(Scraped caption text data)
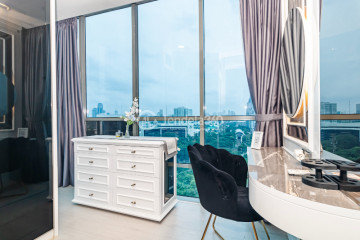 Bedroom 1 High Floor 4BR Apartment with City View at GP Plaza Apartment
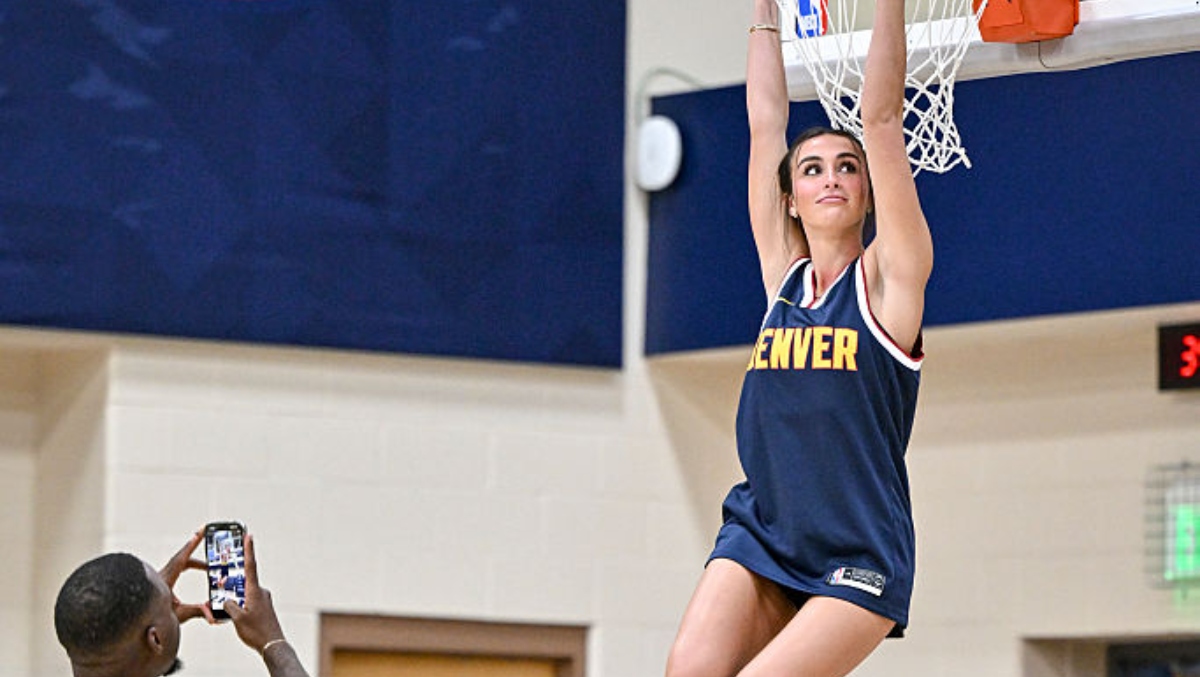Rockies Host Gianna Girardi Tries To Fire Up The Fellas In A Bikini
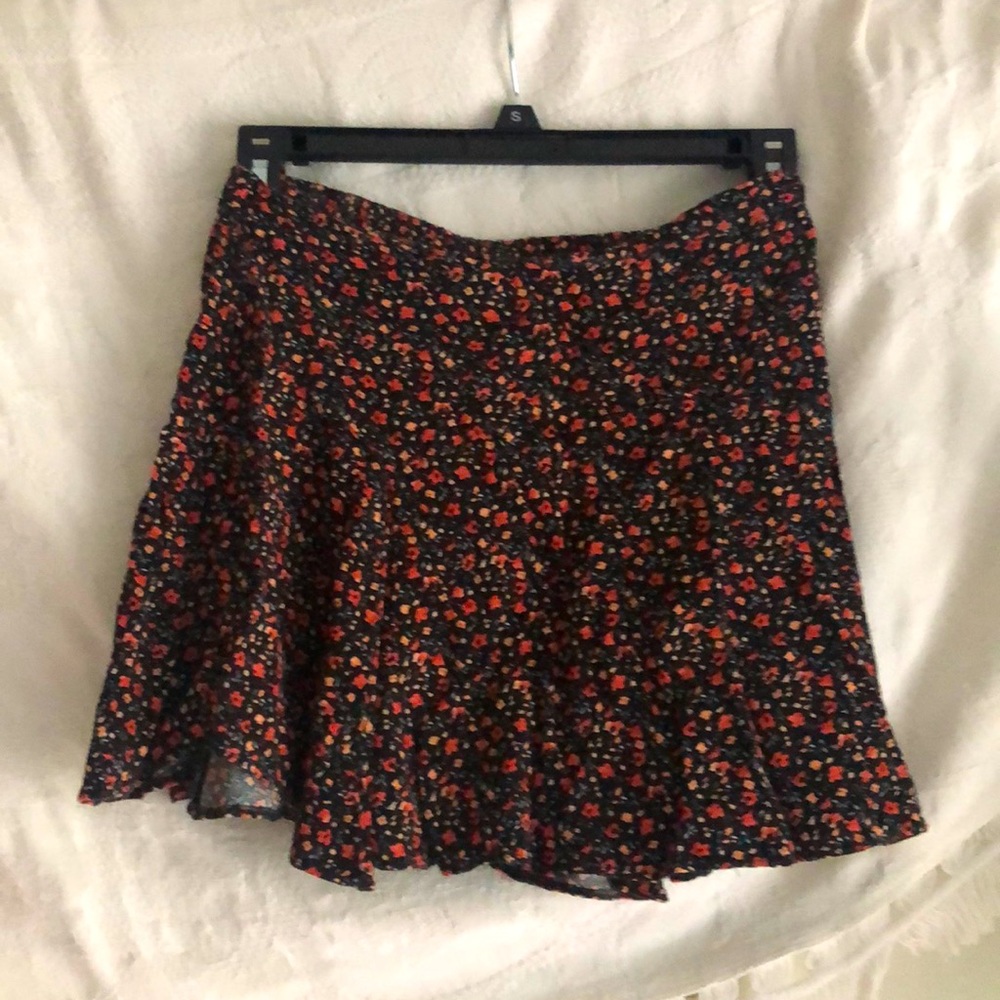 American Eagle Skirt Floral Black XXS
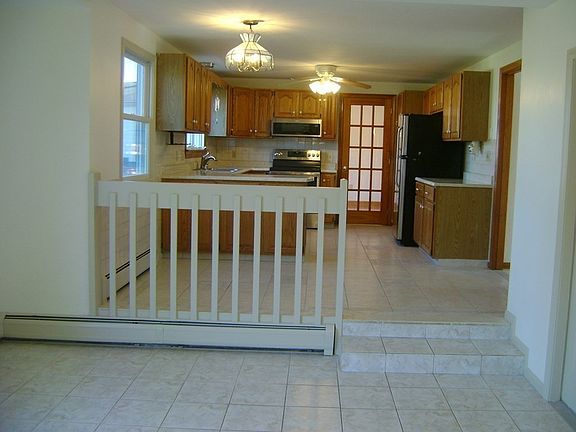 4th image of 17 Vista Ave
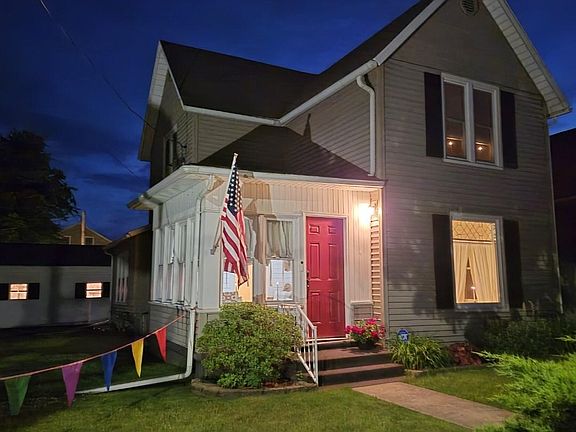 3rd image of 616 Elk St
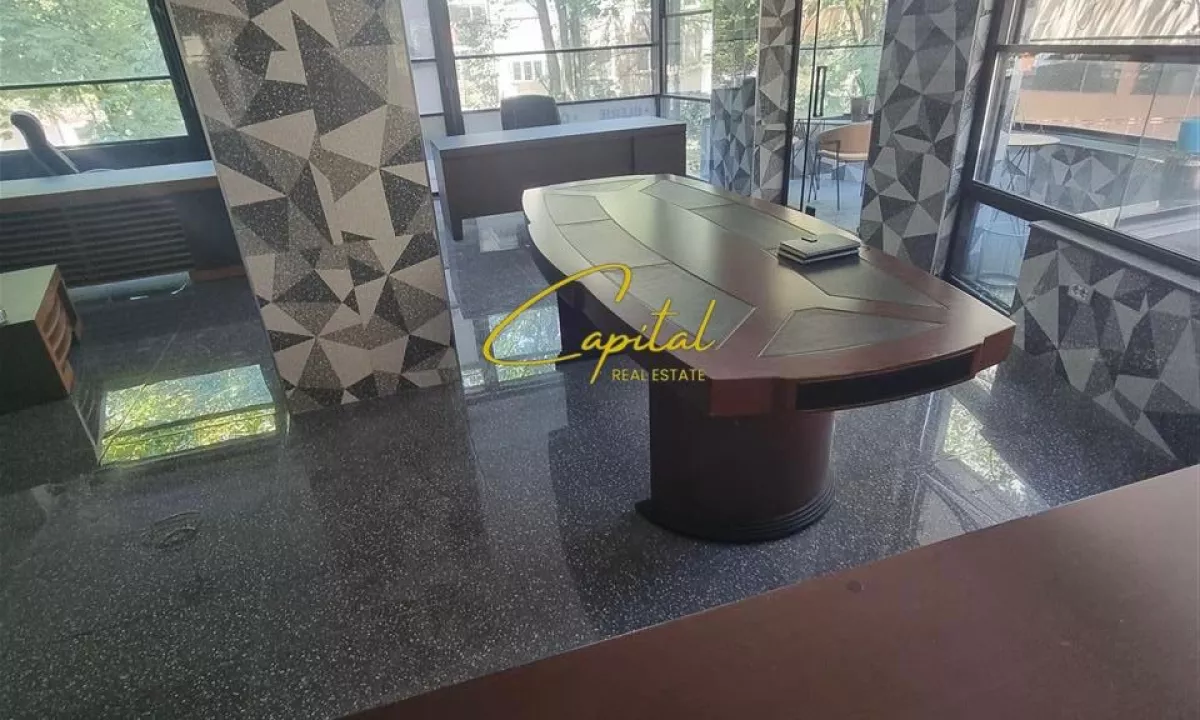 ZYRE ME QERA 90 M2 RRUGA MINE PEZA 600 EURO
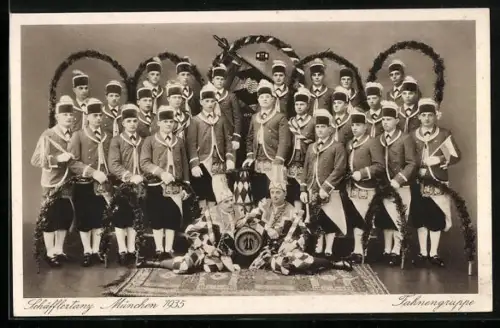 AK München, Fahnengruppe beim Schäfflertanz 1935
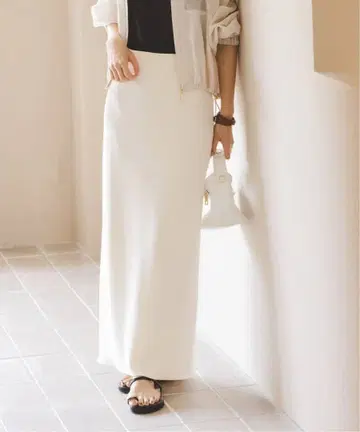 [ 미사용 ] noble 컴포트 저지 라이크 타이트 스커트 화이트 34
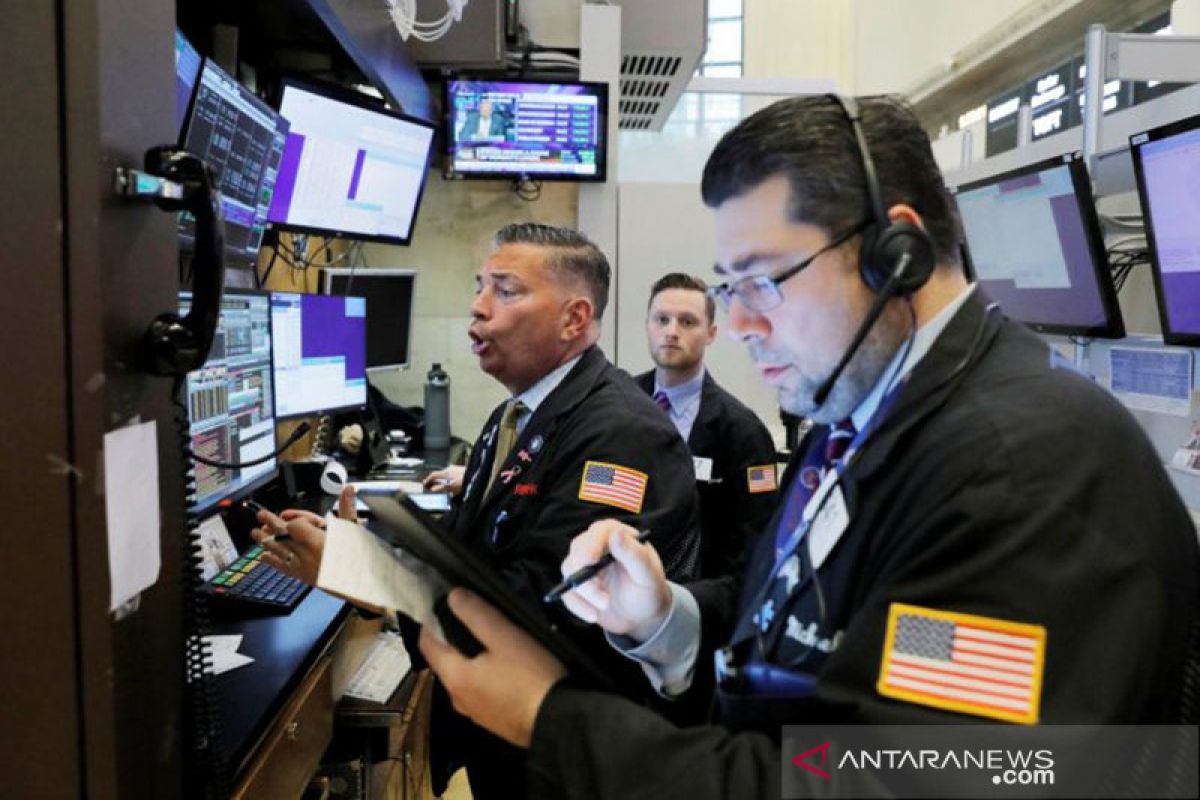 Wall Street ditutup melemah terseret penurunan saham bank dan energi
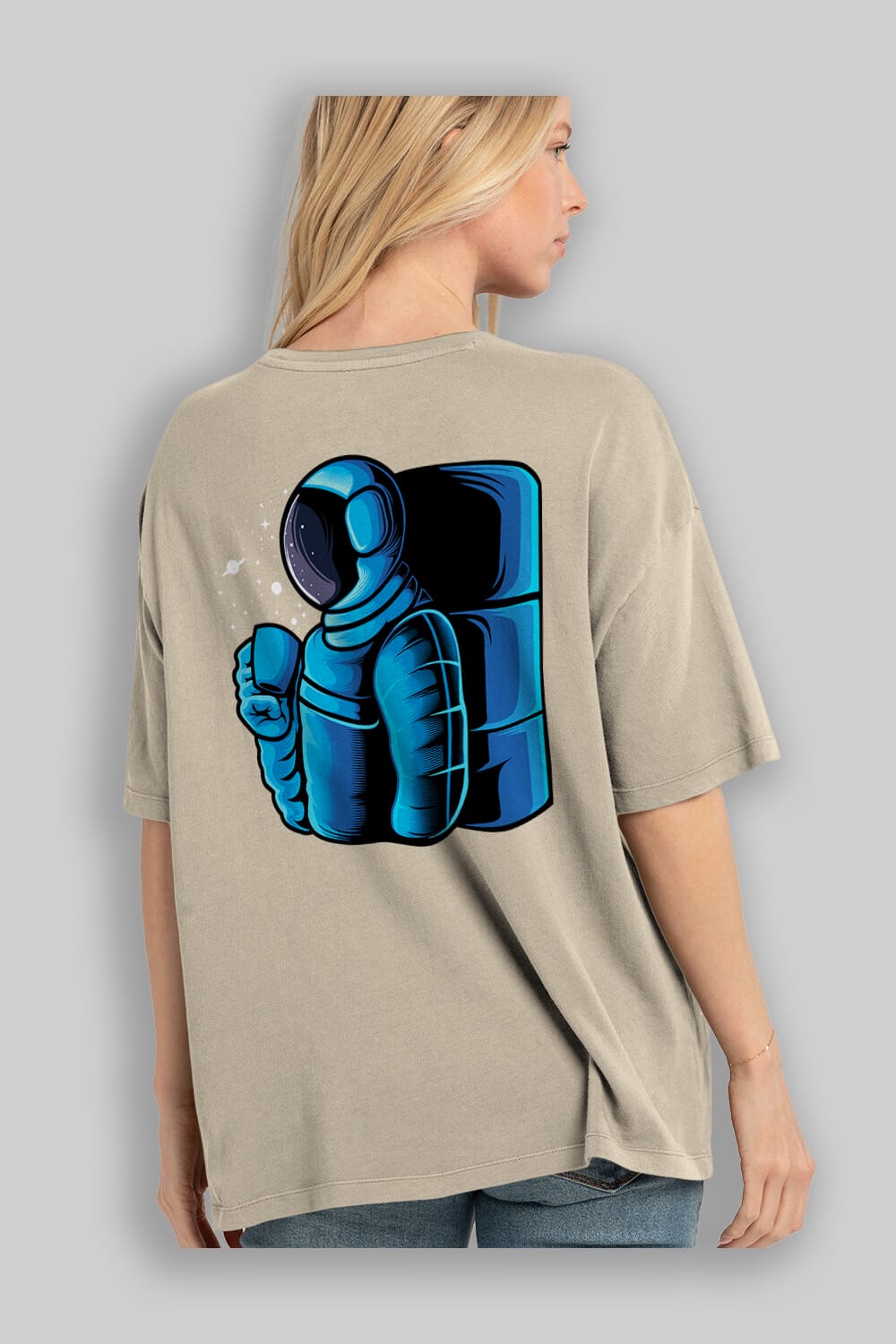 Drinking coffee in space Arka Baskılı Oversize t-shirt Erkek Kadın Unisex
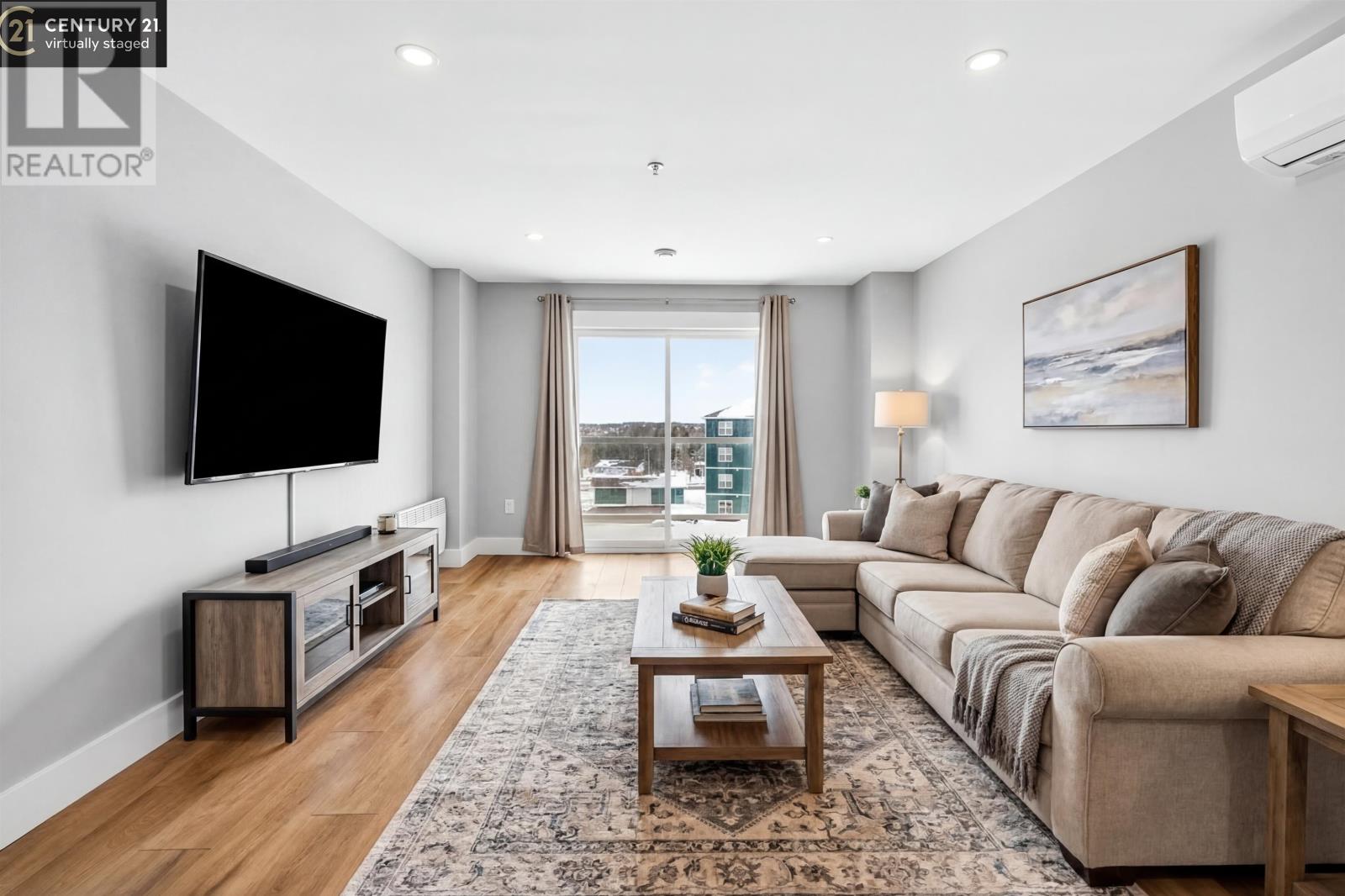 ##307 24 GILBERT DRIVE - 5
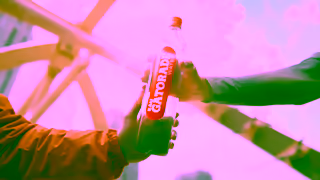 Gatorade EAU GATORADE COURSE PIED Ad Commercial Brand Imagery Photoshoot 0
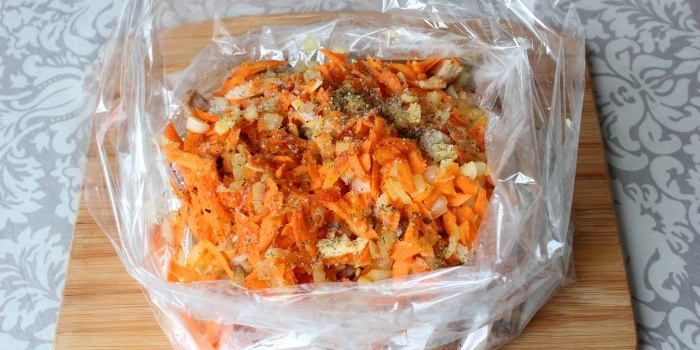 Lazy pilaf in a baking bag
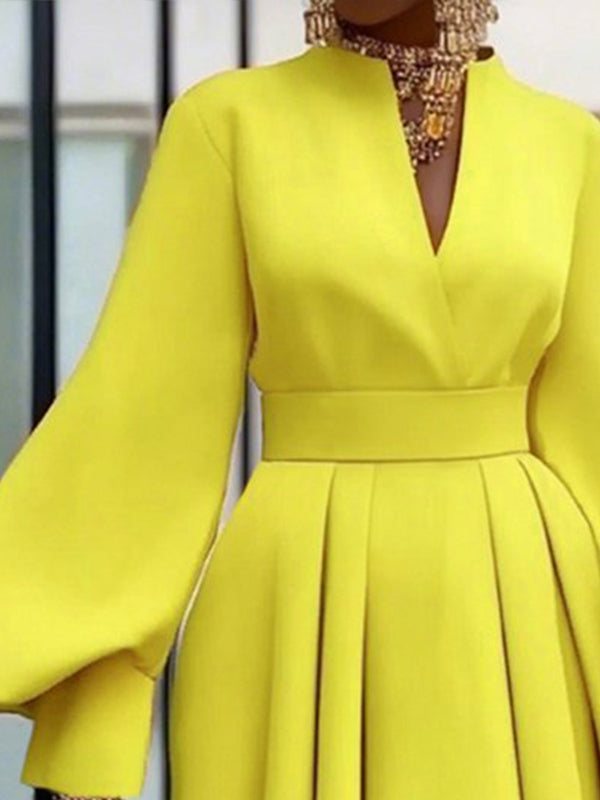 Robe courte plissée coupe trapèze, à manches longues, à col en V, couleur unie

§ **REQUIREMENT**:
Output exactly the lines from the one containing "Lazy pilaf in a baking bag" through the last line of the records above, both included, and leave out the pictures.

§ **OUTPUT FOR THIS TASK**:
 Lazy pilaf in a baking bag
 Robe courte plissée coupe trapèze, à manches longues, à col en V, couleur unie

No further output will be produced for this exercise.